I think people overcomplicate this.
It's way to reverse our understanding of which thing we take as given and which we then consider to be the probability.
It does require that we know a lot of things to use it, which tends to be its downfall.
Suppose that we know that 30% of men are tall, call this our prior probability, and we want to know the likelihood that someone tall is a man, the posterior probability. Those are different things, which sometimes trips people up. (I.e. the likelihood that someone who tested positive is sick is different than the likelihood that someone who is sick tested positive, even though those sound pretty similar.)
To do that, we need to know how common it is to be tall and to be a man. Suppose that 20% of our population is tall, and 50% are men.

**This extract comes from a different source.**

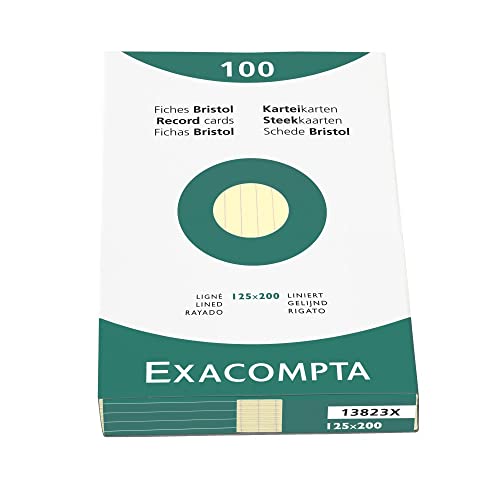 Exacompta 13823X Karteikarten (205q/qm Karton, holzfrei, 125 x 200 mm, liniert, ungelocht) 100er Pack gelb von Exacompta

So then we make a fraction using our assumption (men) over our observation (tall) and get .5 / .2 = 2.5, and we multiply that by our prior probability .3 to get .75. I..e if someone is tall, then 3/4 of the time, they are a man. (You can note that the numbers have to be consistent to make this work out. If you used the same 30% of men are tall observation but thought that 10% of the population was tall and 50% men, you would get a probability greater than one, so you know that your values were mutually inconsistent and impossible.)
In terms of intuition vs. plugging and chugging: here we see that assuming this is a man gave us a higher probability of being tall than the population as a whole, so the event tall and the event man are not independent. There must be more tall men than tall non-men in the same size sample of each to get the math to work out. The calculation tells us how much that distribution is one-sided.